Starting with Finetuner 0.8.0, we have introduced a suite of pre-trained text embedding models licensed under Apache 2.0. These models have a variety of use cases, including information retrieval, semantic textual similarity, text reranking, and more. The suite consists of the following models:

  • jina-embedding-t-en-v1 [Huggingface]: The fastest embedding model in the world with 14 million parameters.

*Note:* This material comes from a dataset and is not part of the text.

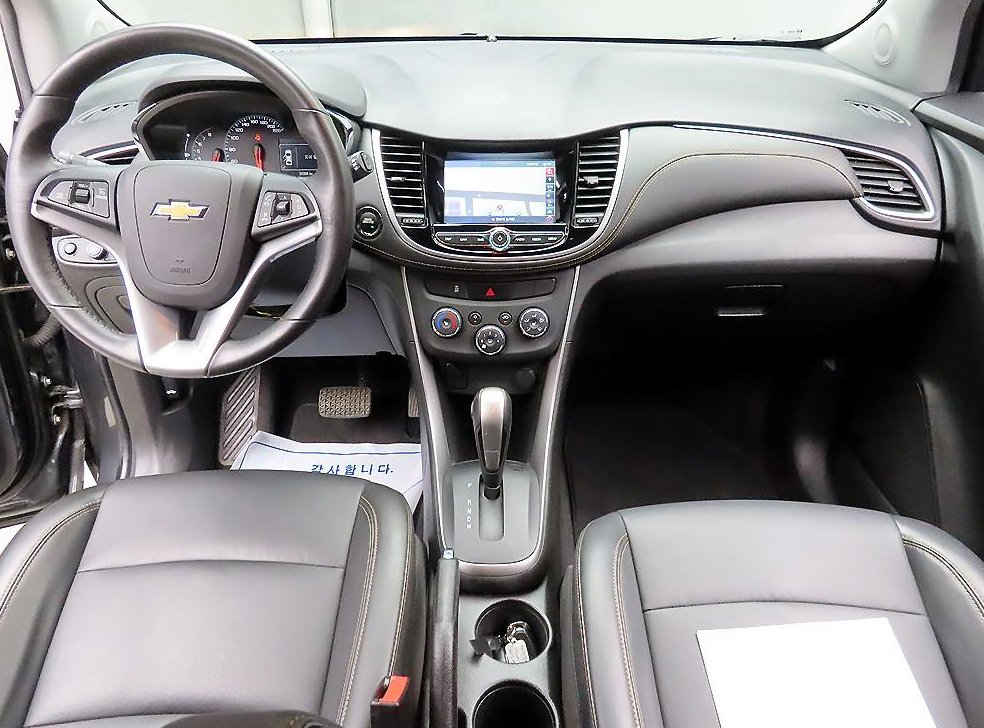 쉐보레 트랙스 가솔린 1.4 LT 사진 7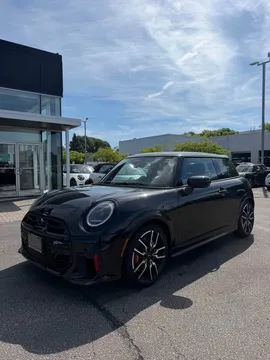 2025 MINI 3 Door John Cooper Works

  • jina-embedding-s-en-v1 [Huggingface]: This is a compact model with just 35 million parameters, that performs lightning-fast inference while delivering impressive performance.

  • jina-embedding-b-en-v1 [Huggingface]: This model has a size of 110 million parameters, performs fast inference and delivers better performance than our smaller model.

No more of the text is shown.